What Type of Parent are You at the Dinner Table?

What Kind of Parent are You at the Dinner Table?

By Melanie Potock, MA, CCC-SLP

*This post was originally published on www.DrGreene.com, the original post can be read here.

One of the fascinating aspects of being a feeding therapist that works with children in their homes is that I get to see first-hand the variations in parenting styles.

One particular family was memorable because both parents were security guards and they seemed to bring an element of their jobs to the family dinner table. They contacted me because their 5-year-old daughter, Elizabeth, wasn’t gaining weight and was a “very picky eater.” When I arrived at their home, both Mom and Dad were completely engaged with their little girl, all three laughing and playing together on the living room floor.

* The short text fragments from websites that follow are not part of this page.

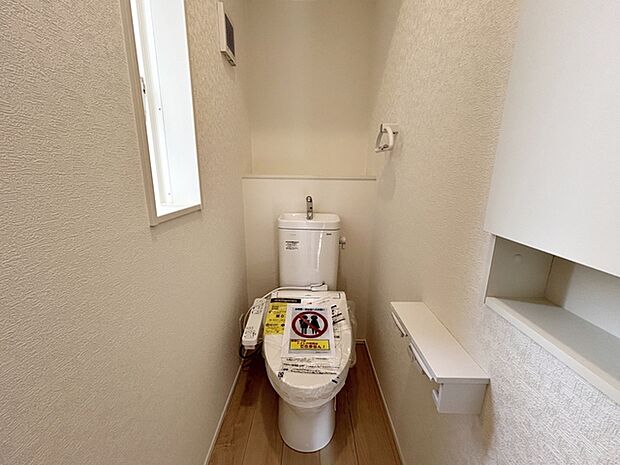【1階トイレ】 各フロアに1か所ずつシャワー機能付きトイレを設置しており、朝の忙しい時間帯でもスムーズに利用できるため、混雑の軽減にもつながります。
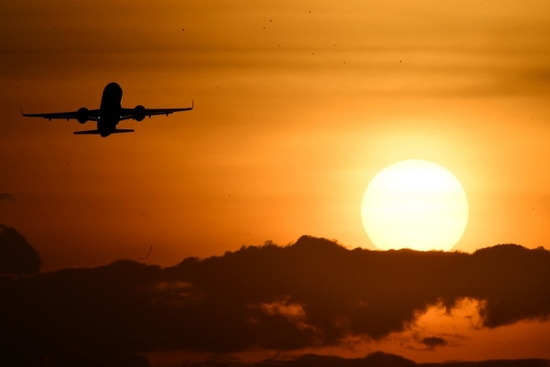 Dự báo thời tiết ngày 4/5/2025: Miền Bắc nắng trên 35 độ, Nam Bộ mưa giông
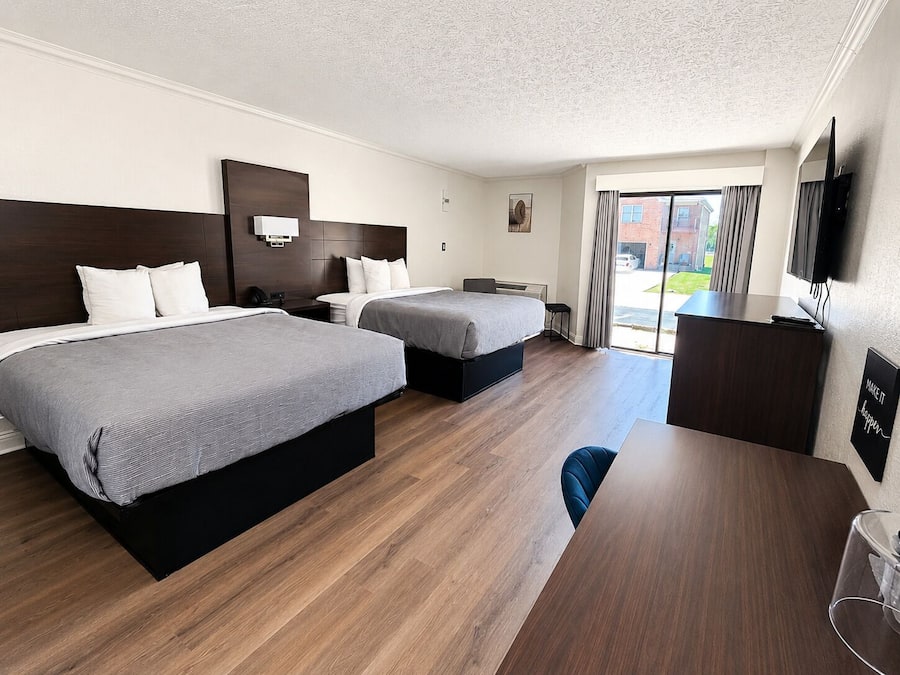 Standard Room, 2 Queen Beds, Non Smoking | Premium bedding, Select Comfort beds, minibar, desk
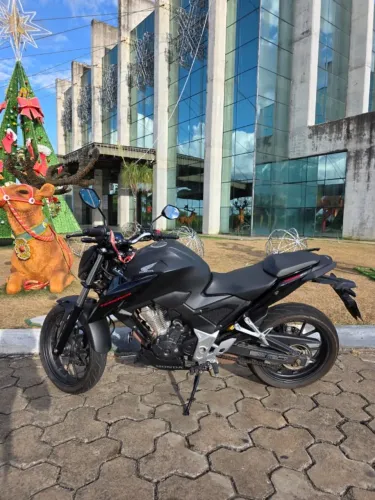 Vende-se ou Financia Honda CB300F, em dias, Quitada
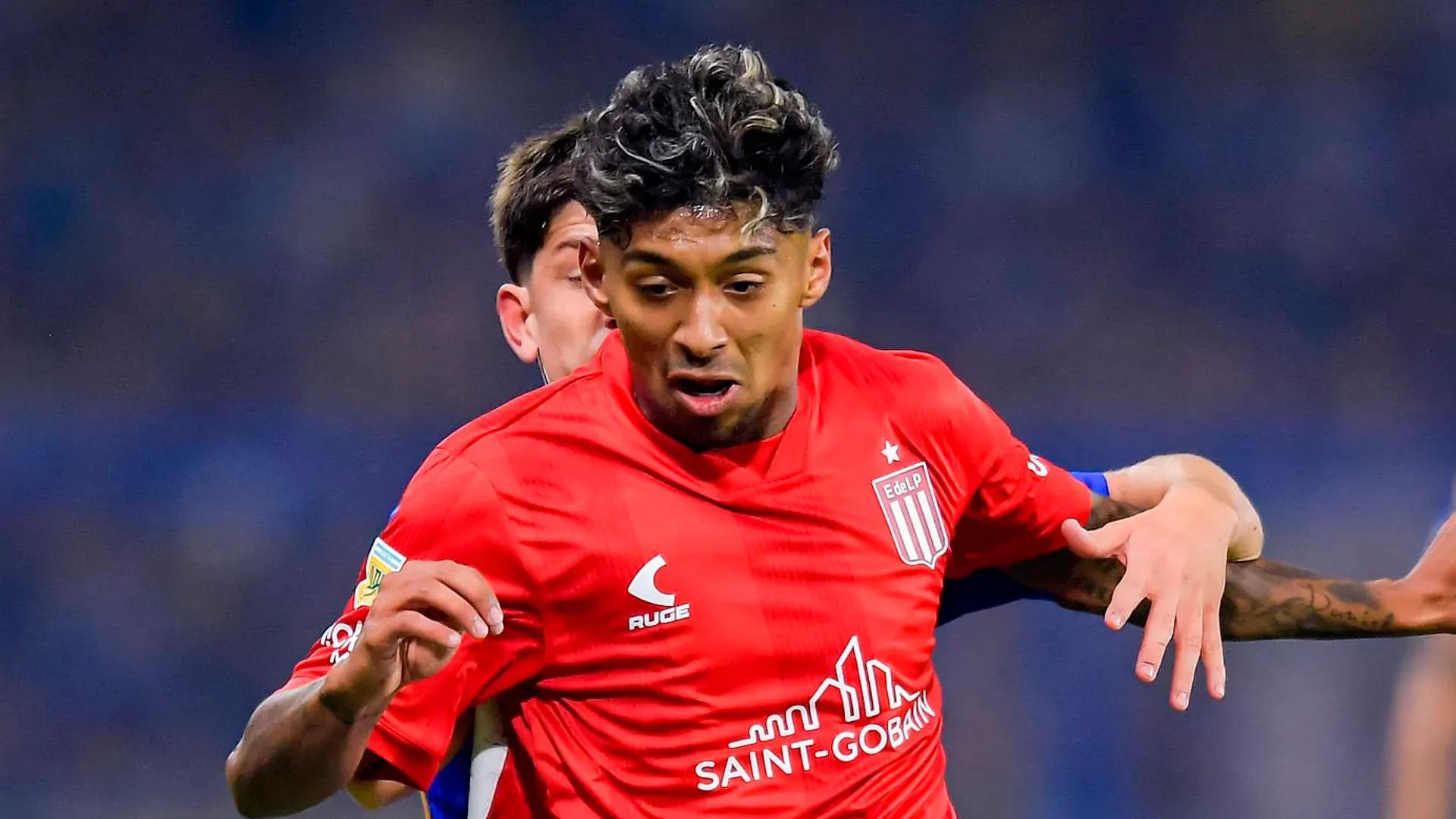 Cristian Medina con la camiseta de Estudiantes. (Foto: Getty)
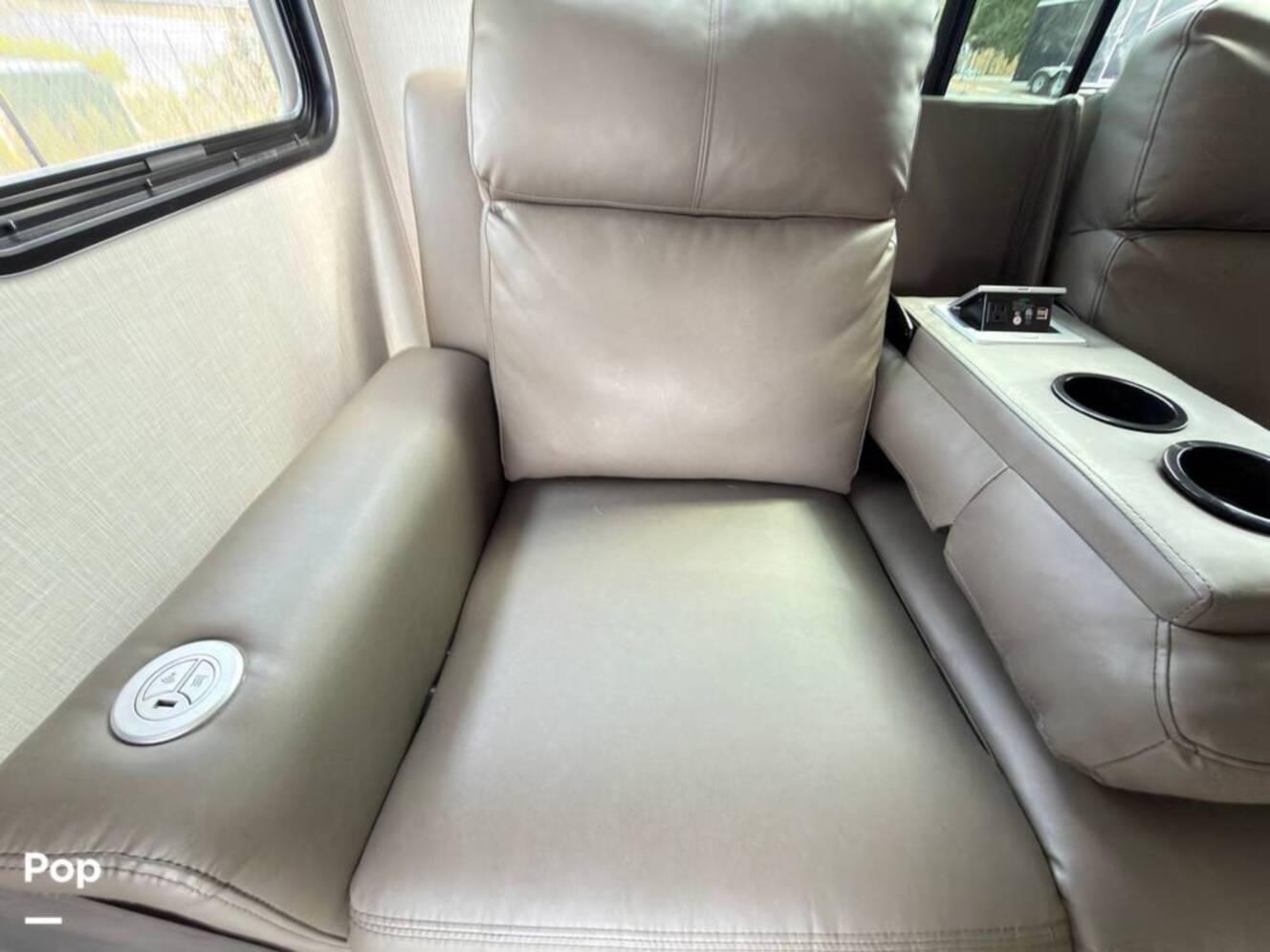 A photo of this 2024 Venture Rv Stratus 261VRB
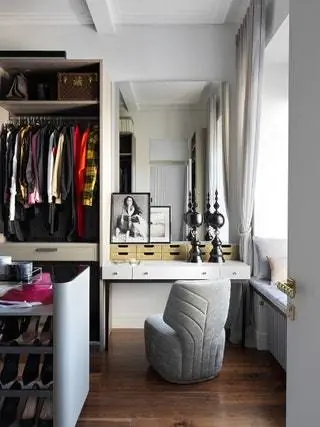 Система хранения сделана стульями гробами Leitmotiv Munna по эскизам Златы Корниловой, купленным…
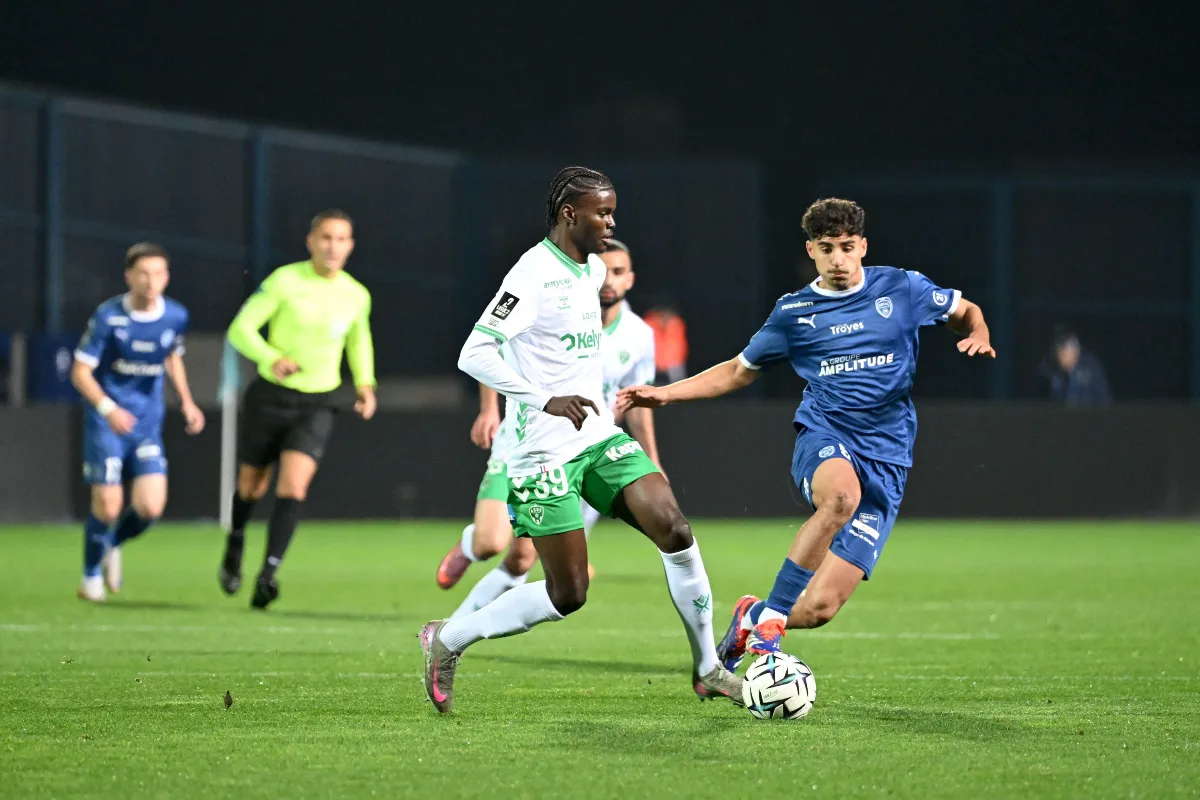 Kévin Pedro sous le maillot de Saint-Etienne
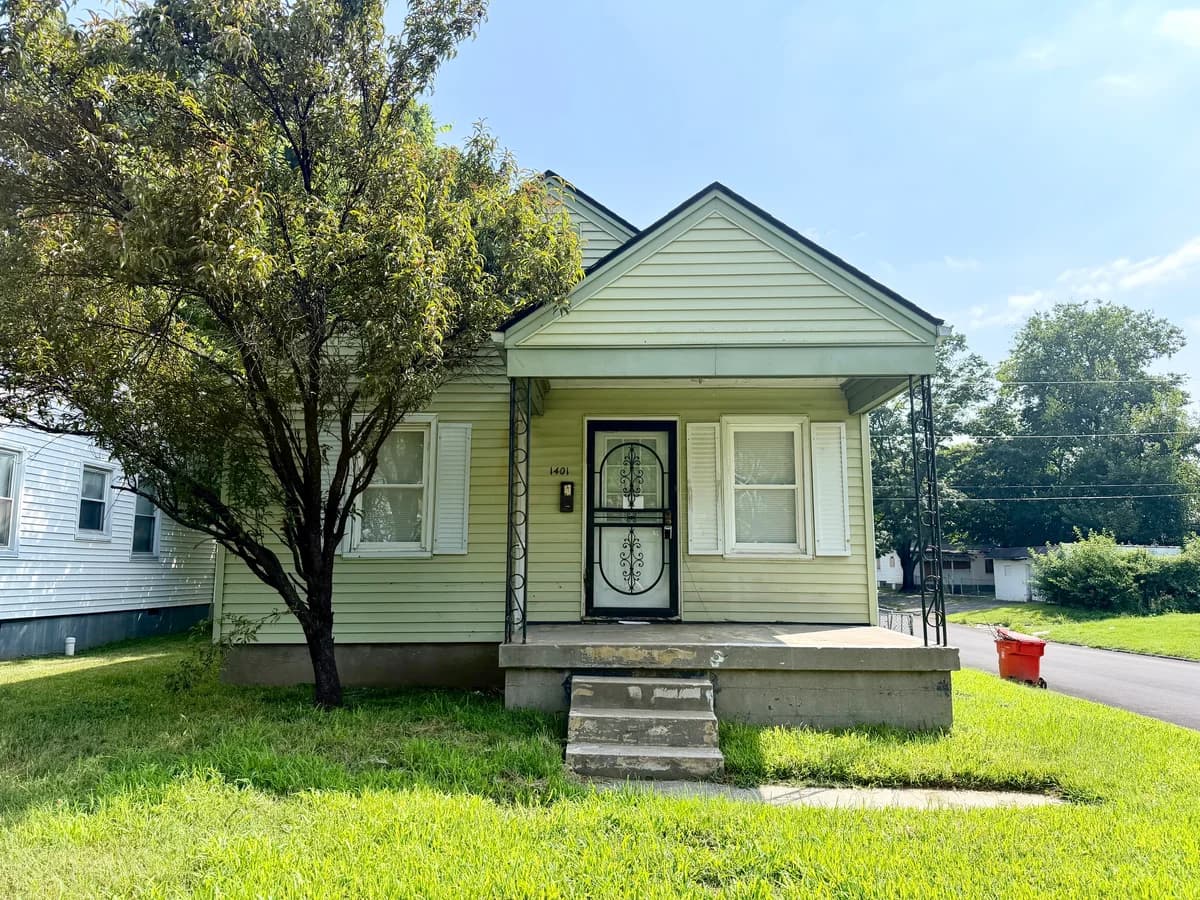 Louisville apartments for rent - Property image - 1401 Thornberry Ave - 2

Interestingly, the atmosphere shifted the moment everyone sat down at the table. There was practically no conversation except to announce what was for dinner and how much the little girl was expected to eat “Remember to eat all your corn, Elizabeth,” her father stated. The parents watched over her vigilantly and occasionally reminded her to “keep eating.” When the couple had finished their meal, and Elizabeth was staring at her not-so-empty plate, her father reprimanded her for “not eating her corn…again.” Noteworthy to me was the fact that both parents felt the need to set stringent eating rules, enforce them and remind Elizabeth if she did not follow dinner time guidelines. Clearly, their concern for her growth and nutrition were in the forefront of their minds, but why did they feel this directive style of parenting was going to be helpful? What happened to those engaged, interactive parents I had just witnessed playing so beautifully with their little girl in the living room?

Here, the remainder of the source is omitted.